States may now see the Security Council resolution as binding them to act in its spirt and not recognize the settlements as part of Israel. Another important element of the decision is the request that the Secretary-General report to the Security Council every three months on the resolution's implementation, a provision that ensures constant engagement with the topic.
Not least, the decision may give International Criminal Court prosecutor Fatou Bensouda political and legal encouragement to shift the preliminary examination she is carrying out on settlement construction as part of her study of the Israeli-Palestinian situation into a full-blown investigation. The consensus that the resolution represents on the illegality of the settlements and the description of their construction as a “flagrant” violation may convince Bensouda that she has strong grounds to pursue the matter before the ICC. The gravity requirement that exists in the ICC's statute could be fulfilled with a such a case against settlement construction.

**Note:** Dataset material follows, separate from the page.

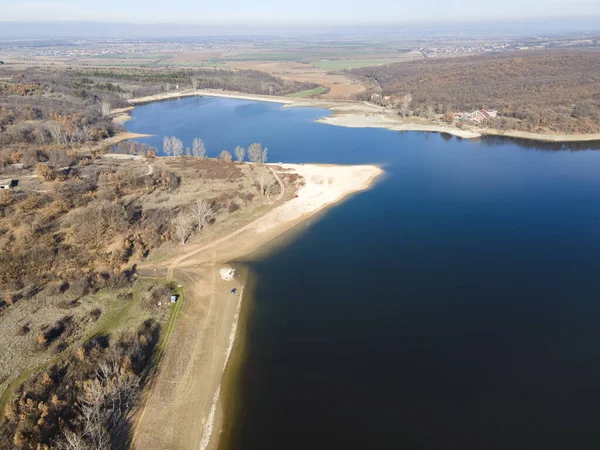 Bulgaristan 'ın Filibe Bölgesi' nin Asenovgrad kenti yakınlarındaki Kırk Pınar Barajı 'nın hava manzarası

The decision may be part of a longer process of international delegitimization of the settlements and the occupation more generally. While the Trump administration’s attitude may be different than that of Obama, it will not be able to undo the decision. In the future, perhaps even after Trump’s term, it may set the groundwork for the UN to play a significant role in pressuring Israel to end the occupation. Enforcement steps under Chapter 7 against Israel (be they civil sanctions or military ones) at this stage seem very unlikely and the U.S. will probably veto any such measures in the foreseeable future. But in the long term, the current decision may be one of many to come, some of them potentially harsher. The decision may prove to be, in the words of the Court in the Namibia case, only the first step.